Just a friendly reminder about using arrays in boolean conditions

Steven Schveighoffer schveiguy at gmail.com
Mon Nov 25 17:27:04 UTC 2024


On Saturday, 23 November 2024 at 00:57:01 UTC, kdevel wrote:
> On Sunday, 17 November 2024 at 22:17:18 UTC, Steven 
> Schveighoffer wrote:
>> On Sunday, 17 November 2024 at 21:50:18 UTC, kdevel wrote:
>>> My question is: Is it possible that a valid D program gets 
>>> into a
>>> state where an array has ptr == null and length > 0? If so, 
>>> how?
>>
>> Yes, the compiler uses it:
>>
>> ```d
>> [...]
>>     auto i = typeid(S).initializer;
>> [...]
>> ```
>
> Issue 20722 - typeid(X).initializer() breaks safety
> https://issues.dlang.org/show_bug.cgi?id=20722

Indeed, I don't think this should be considered safe.
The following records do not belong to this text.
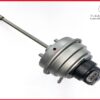 NEU-Druckdose-Wastegate-JEEP-MITSUBIHI-20-CRD-103kW-140ps-768652-MN980275-313746148276-7 NEU!! Druckdose Wastegate JEEP MITSUBIHI 2.0 CRD 103kW 140ps 768652 MN980275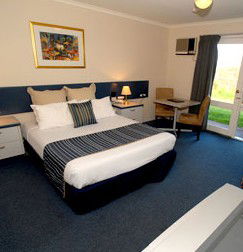 Hastings VIC Accommodation Gold Coast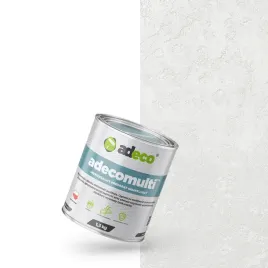 grunt-szczepny-z-kwarcem-pod-beton-architektoniczny-13-kg-kolor-bialy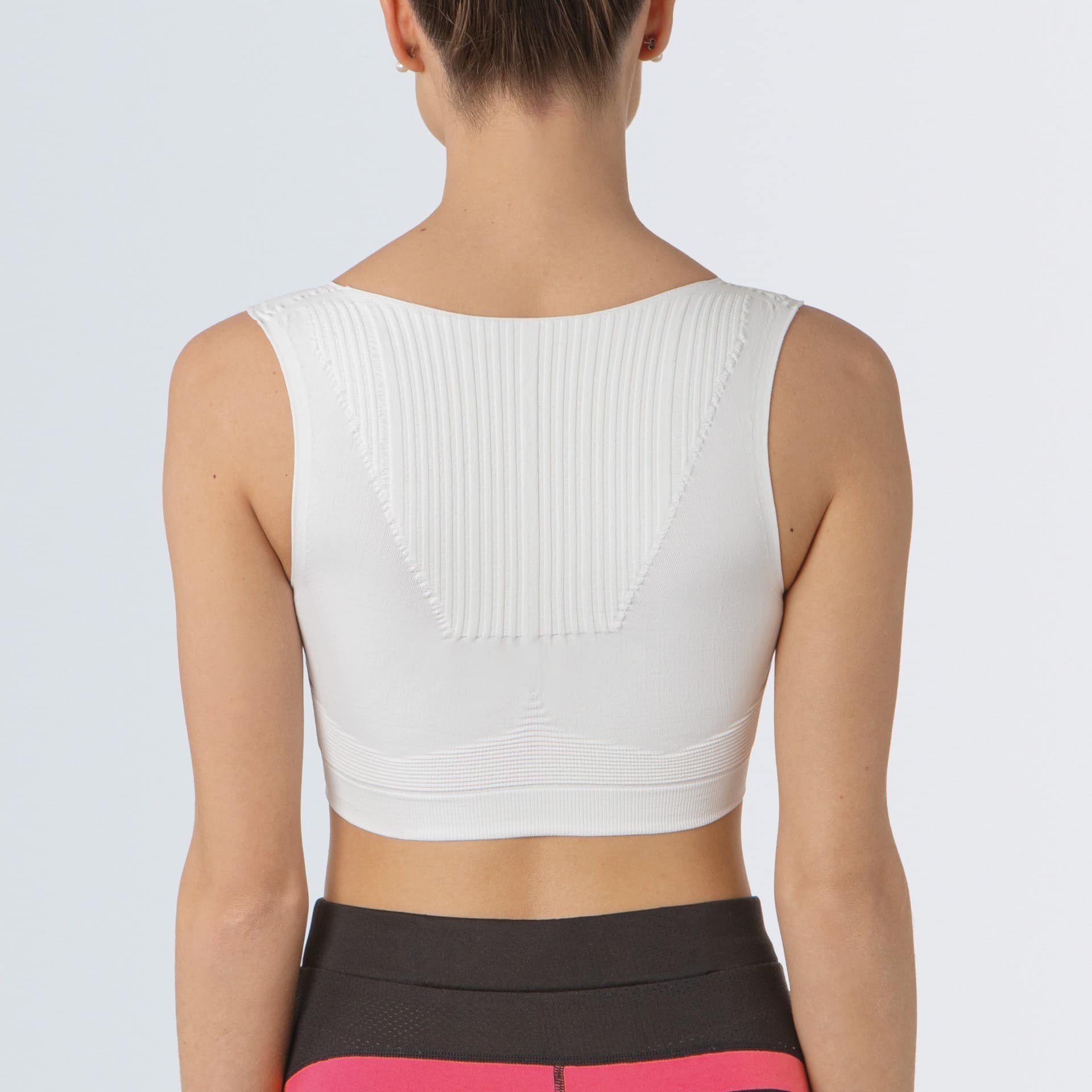 smart-bra-reggiseno posturale reggiseno posturale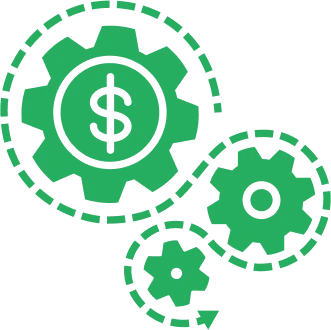 Paid Media Marketing Agency Services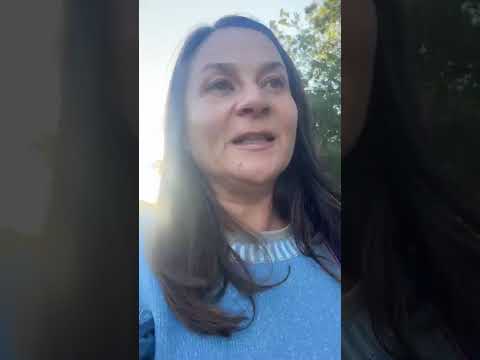 Видео: Отлагаш ли целта си да подобриш английския си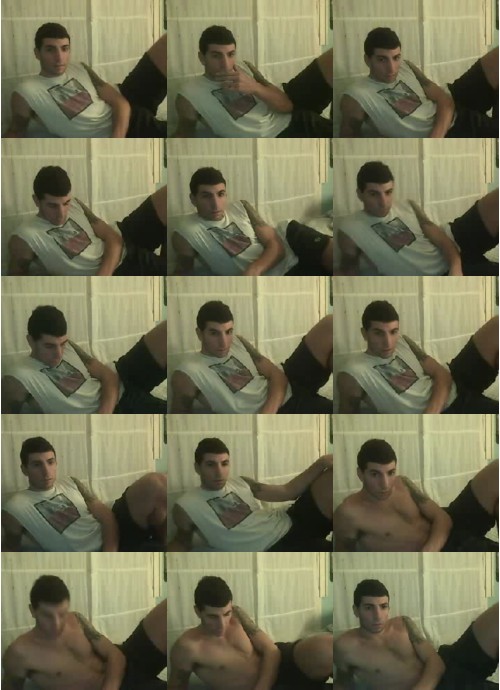 Download Video File: cam4 mellowmood
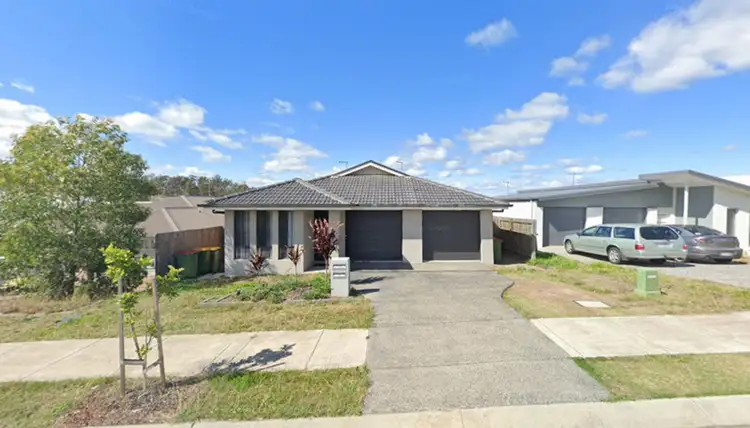 79 Berrigan Street, Redbank Plains QLD 4301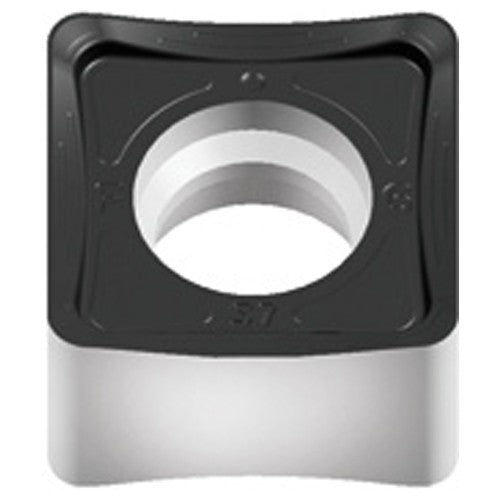 SNMX120512-D27 Grade WKK25S - Eagle Tool & Supply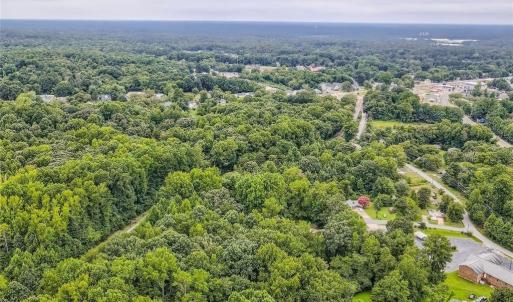 Photo #5 of Maple, Granite Quarry, NC 3.0 acres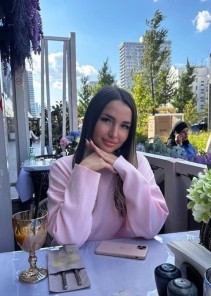 Фото проститутки Василиса №2 в городе Благодарный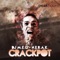 Crackpot - N.E.R.A.K. & DJ M.E.G. lyrics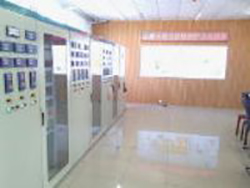 1463730427674504.jpg _20150428105456.jpg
I don't 
know how much code would break to change it to system.

But this is beside the point that I was trying to make -- that 
this scenario does actually ahppen.

You can think of it as a storage of a pointer, which if null 
means "all are zero", and a length, which is the number of bytes 
in the initializer.

It is used in places where only TypeInfo is available. I believe 
this is mostly for AA and array runtime, and nothing else. 
Eventually we will be able to remove these dependencies.